Sky-Wacherの方も現行モデルの大多数のものがおいてあります。私のところでも最近フル活躍のAZ-GTiは、鏡筒の違いによって3台もおいてありました。ここでは経緯台にもなるAZ-EQシリーズと、赤道儀オンリーのEQシリーズを直接比較することができます。AZ-EQは数少ないデュアルエンコーダー搭載でしかも経緯台としても使える多機能タイプです。どちらか迷っている人はここにきて、実際に触ったり、揺らしたりしてみるといいかと思います。ネットの情報だけではわからない、意外ないろいろなことがわかると思います。

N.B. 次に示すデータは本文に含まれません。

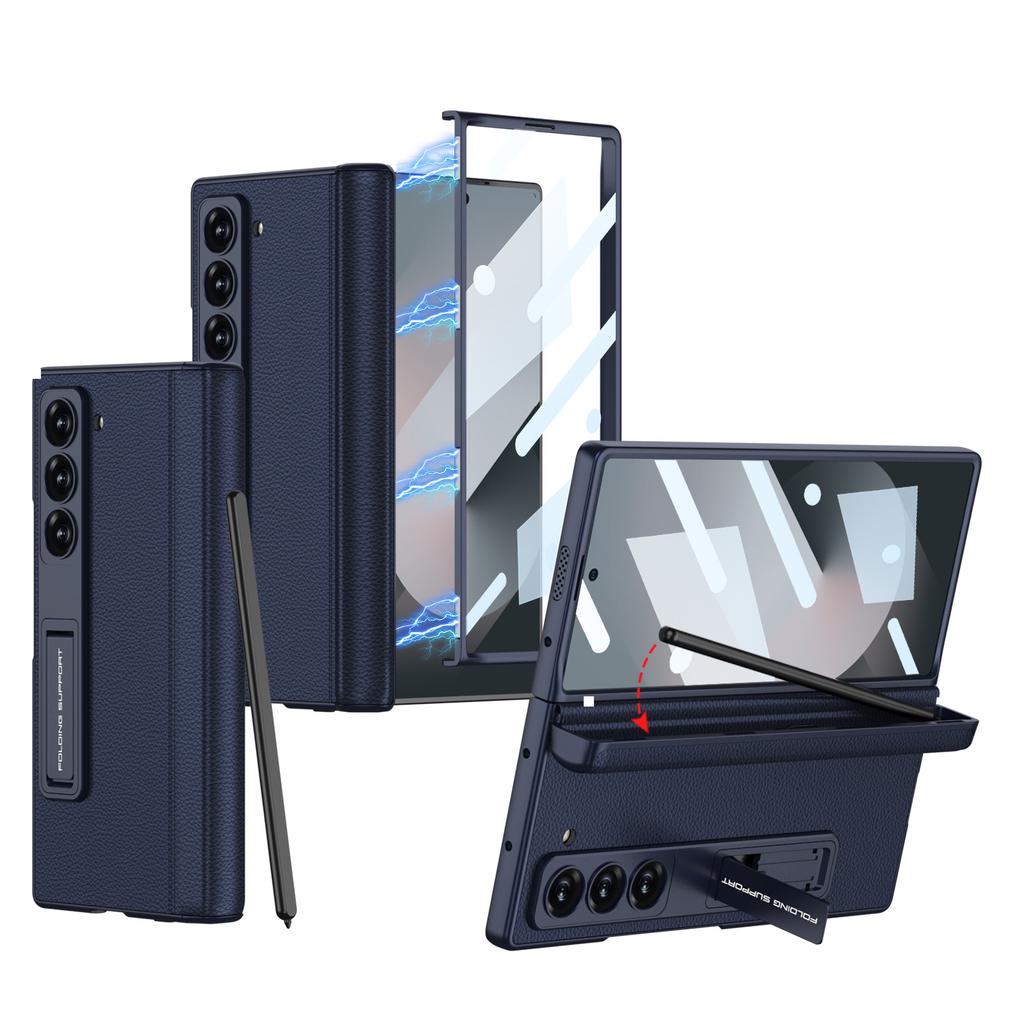 Чехол для мобильного телефона Samsung Fold6 Полностью закрывающий Противоударный Магнитная адсорбция Шарнир Складной Вращающийся вал Однотонный Кожаный Чехол-книжка с держателем для ручки Пленка-накладка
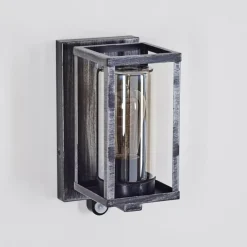 hofstein Portalis Lampe murale d´extérieur Noir, Argenté, 1 lumière, Détecteur de mouvement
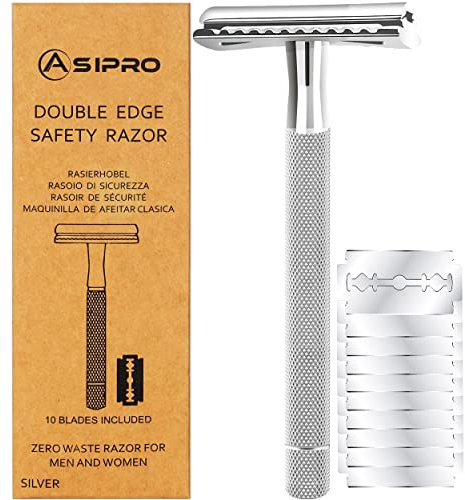 ASIPRO Maquinilla de Afeitar Clasica con 10 Cuchillas de Afeitar Doble Filo para Hombre y Mujer Safety Razor Kit, Cuchilla Afeitar Clasica, Afeitadora Tradicional, Maquinilla de Afeitar Hombre Clasica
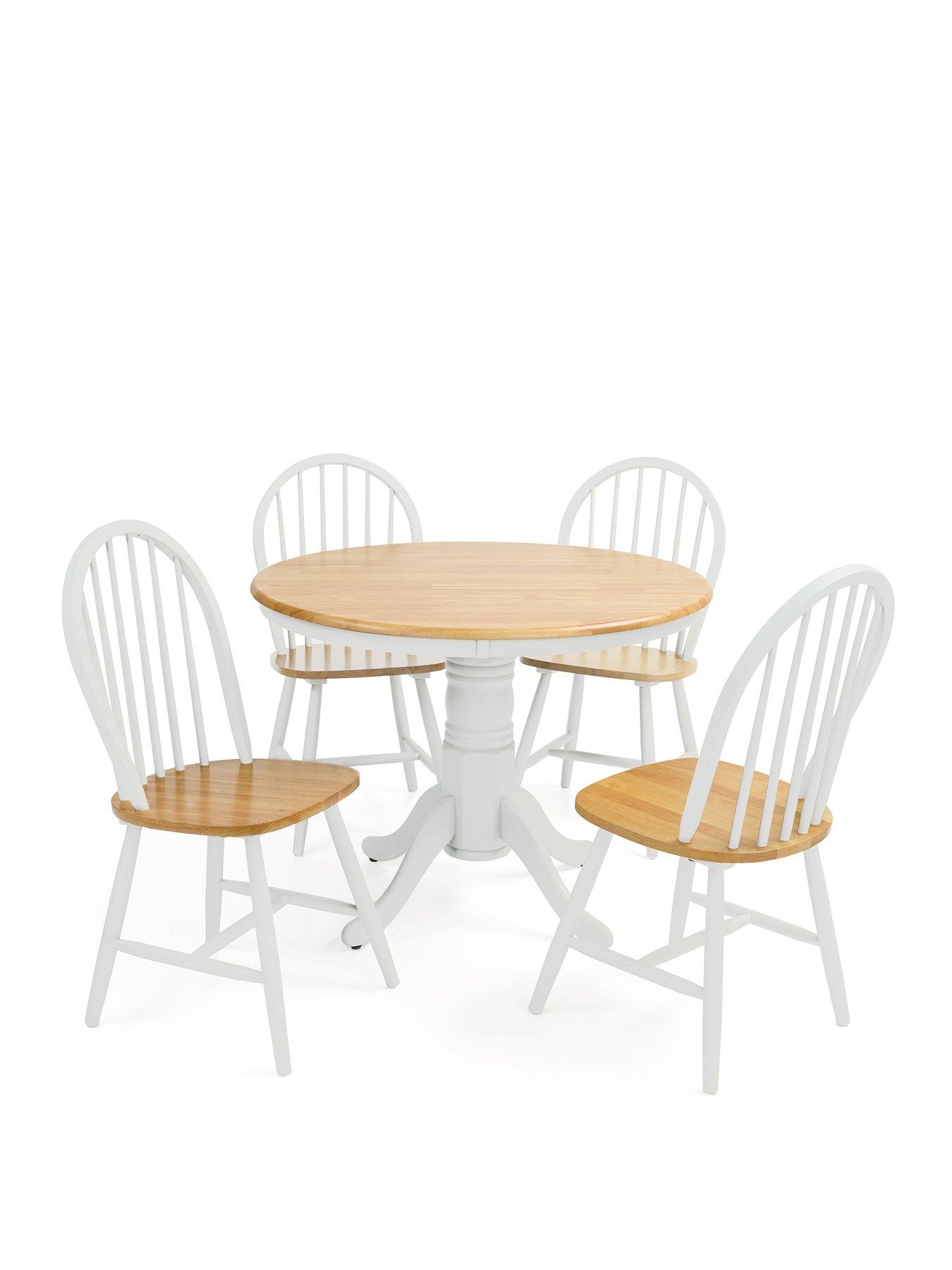  image of very-home-new-rubberwood-fixed-top-100-cm-kentucky-dining-table-4-chairs-white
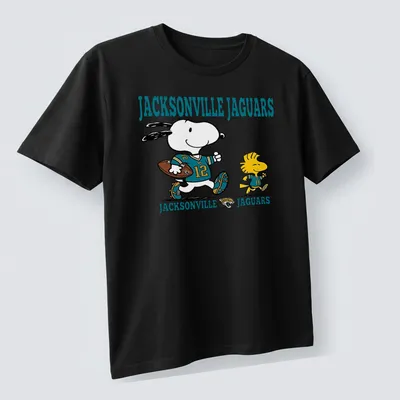 Cartoon Snoopy and Woodstock supporting the Jacksonville Jaguars in teal and black — printed on a unisex t-shirt (angled view)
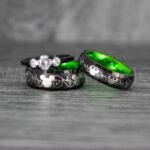 Mickey Mouse Rings, Mickey Rings, Mickey Mouse Wedding Bands, Mickey Mouse Wedding Rings, Black Wedding Bands, Green Couple Rings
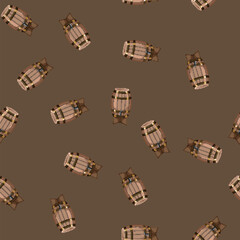 Obraz premium seamless pattern vintage barrel wine cartoon. vintage barrel wine sign vector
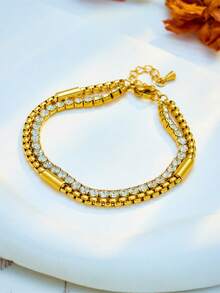 1 pieza Pulsera de mujer de acero inoxidable con diseño geométrico, pulsera minimalista de estilo vintage para uso casual, adecuada para el Día de Acción de Gracias, Navidad, uso diario, fiestas y vacaciones, opción de regalo (Solo empaque para fotografía) - amarillo dorado - Ver 4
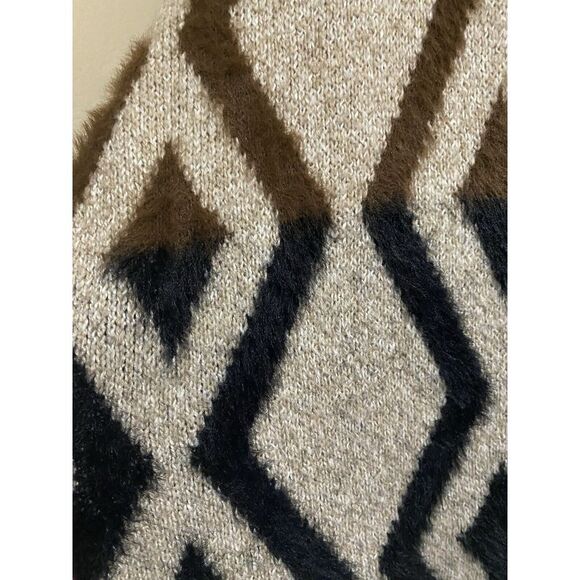 Jodifl Tan Brown Black Geometric Faux Hair Print Cardigan Sz L Western Soft Open - Picture 6 of 16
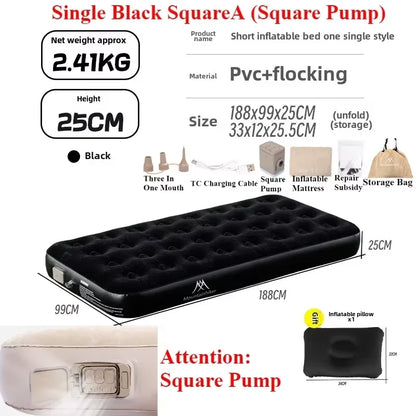 MOUNTAINHIKER 2025 Inflatable Air Mattress – PVC Glamping Sleeping Mat with Built-in Pump for 1-3 Persons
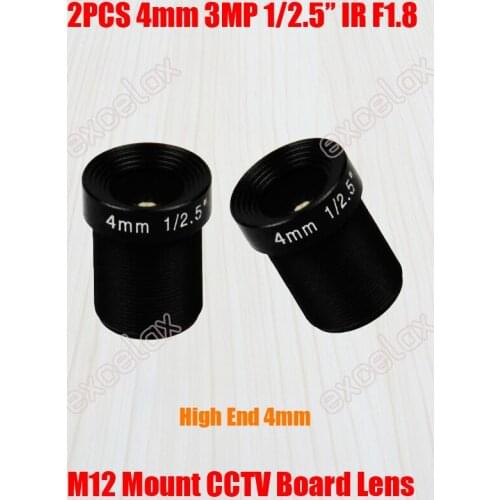 2PCS/Lot 3MP 1/2.5" 4mm F1.8 Fixed Iris IR MTV CCTV Board Lens M12 Mount Interface for 720P 960P 1080P Security Analog IP Camera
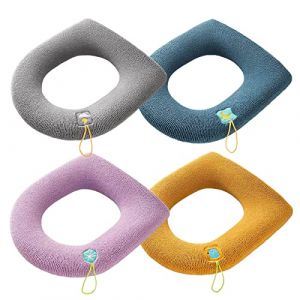 Zuzer 4PCS Housse de Siège de Toilette Lavable Housse de Siège de WC Housse de WC Toilet Seat Cover Thermique Toilet Seat Cushion Siège de Toilettes Générique Abattant WC Coussin pour Quatre Saisons (Zuzer, neuf)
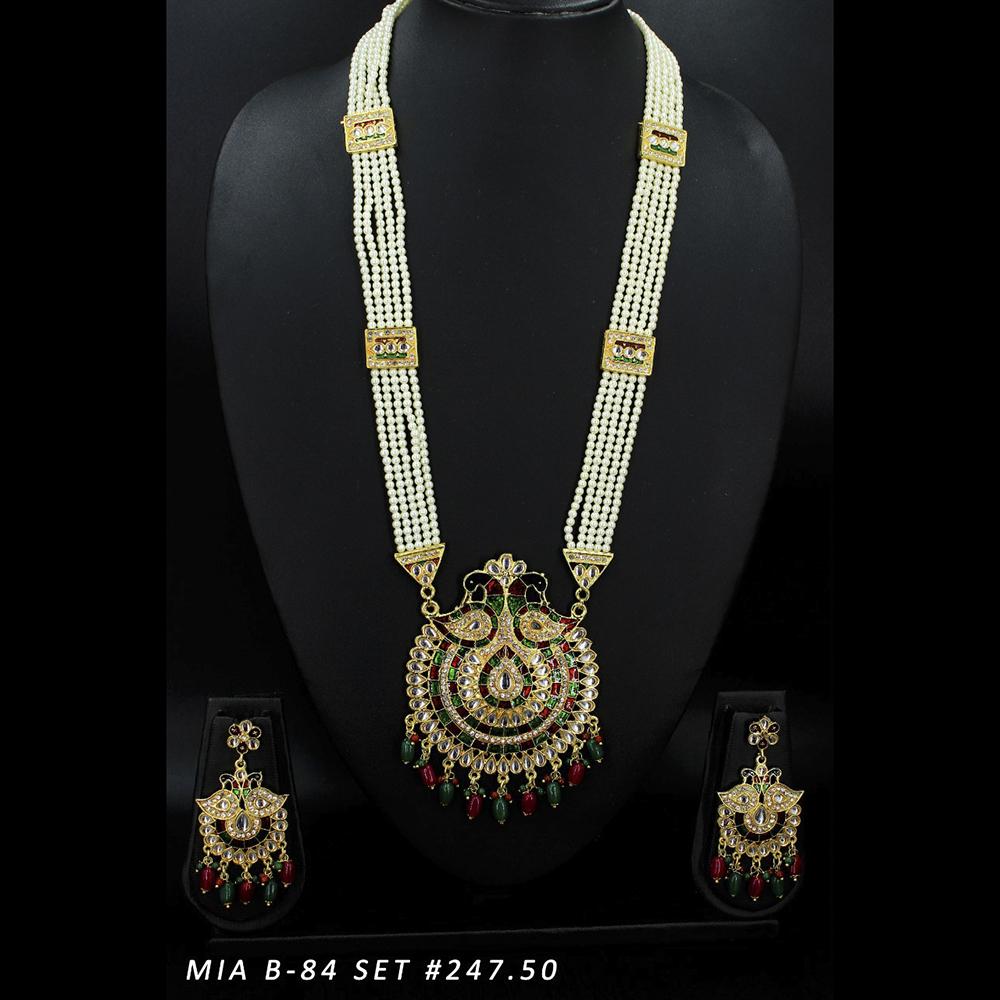 Mahavir Forming Gold Necklace Set - 36- MIA- B-84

展示場の方は担当のKさんが小一時間くらいずっと付き合ってくれて、いろいろ話すことができました。展示場のみでは商品を購入することができなくて話すだけなので、逆に無理に何かを買う必要もなく、じっくりとものを見たい、いろいろ相談したいという方はうってつけなのかと思います。他にもアイピースやコントローラーなどもショーケースの中に展示してあって、頼めば覗かせてくれるそうです。まだまだ展示したいものはたくさんあって、ショーケースの中には収まりきらないと言っていました。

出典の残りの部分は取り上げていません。